Berfin Şengül (born August 20, 2002) is a Turkish curler from Erzincan, Turkey. She currently plays lead on the Turkish National Women's Curling Team skipped by Dilşat Yıldız. She also skips the Turkish junior women's team.

Career
Şengül played third on the Turkish team that represented the nation at the 2020 Winter Youth Olympics in Champéry, Switzerland. Her team, with skip Selahattin Eser, fourth Kadir Polat and lead İfayet Şafak Çalıkuşu finished 2–3 through the round robin, not enough to advance to the playoff round.
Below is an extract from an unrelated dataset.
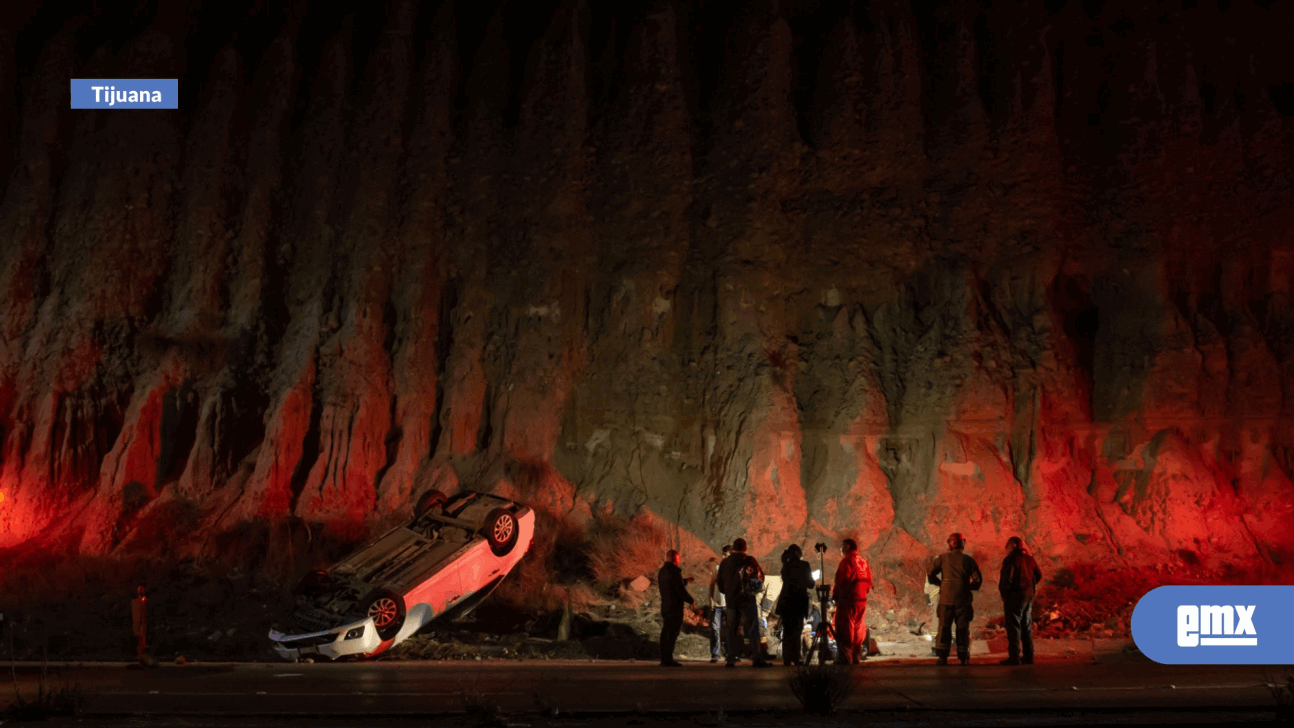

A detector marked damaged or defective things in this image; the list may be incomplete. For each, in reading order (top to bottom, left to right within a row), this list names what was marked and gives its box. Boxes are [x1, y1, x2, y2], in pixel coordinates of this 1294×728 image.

crashed vehicle [270, 490, 536, 660]
overturned white car [270, 486, 536, 664]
She then competed with Olle Moberg of Sweden in the mixed doubles event. The pair won their first game, before losing in the round of twenty-four, eliminating them from contention. In 2022, she was set to skip the Turkish junior women's team at the 2022 World Junior-B Curling Championships before the event was cancelled due to an outbreak of COVID-19 cases in the men's event. Şengül was added to the Turkish national women's team for the 2021–22 season.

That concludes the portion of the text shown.